Task prompt | Reproduce the listing below in full and without alteration, apart from its pictures.

Input data |
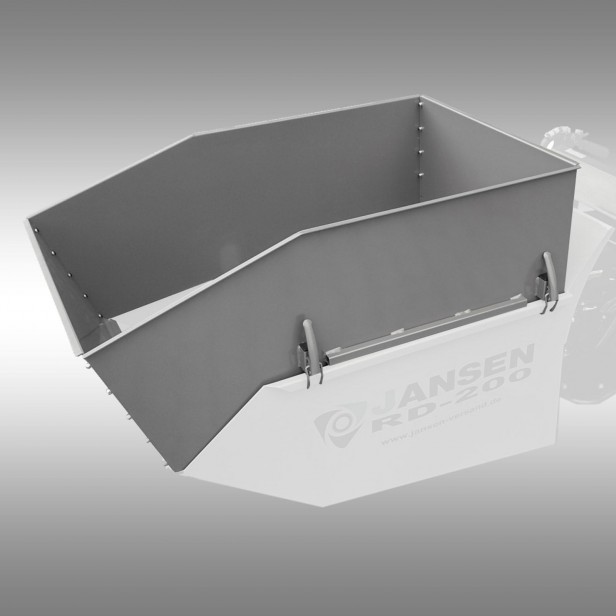 JANSEN ΕΠΙΠΛΕΟΝ ΕΠΕΚΤΑΣΗ ΓΙΑ RD-200, RD-300 and RD-500  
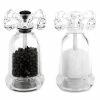 Cole & Mason - Tap Salt & Pepper Mill Set -Deals Chopping Boards Store 528624 Large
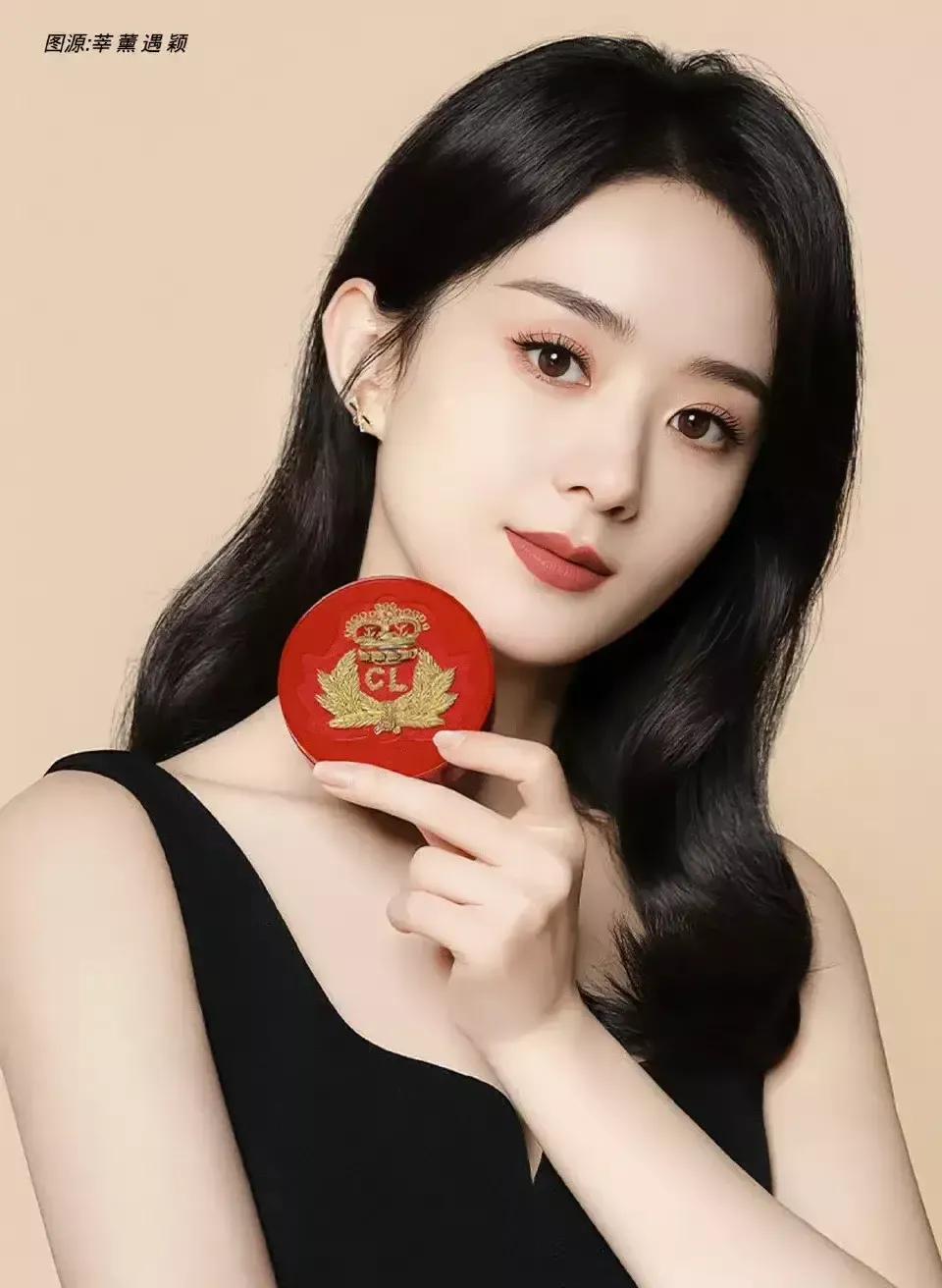 一直追随着赵丽颖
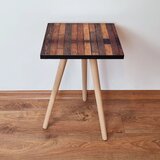 Hanah home klub sto Shp332, 35x42x35 cm, Braon | ePonuda.com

Your solution |
 JANSEN ΕΠΙΠΛΕΟΝ ΕΠΕΚΤΑΣΗ ΓΙΑ RD-200, RD-300 and RD-500  
 Cole & Mason - Tap Salt & Pepper Mill Set -Deals Chopping Boards Store 528624 Large
 一直追随着赵丽颖
 Hanah home klub sto Shp332, 35x42x35 cm, Braon | ePonuda.com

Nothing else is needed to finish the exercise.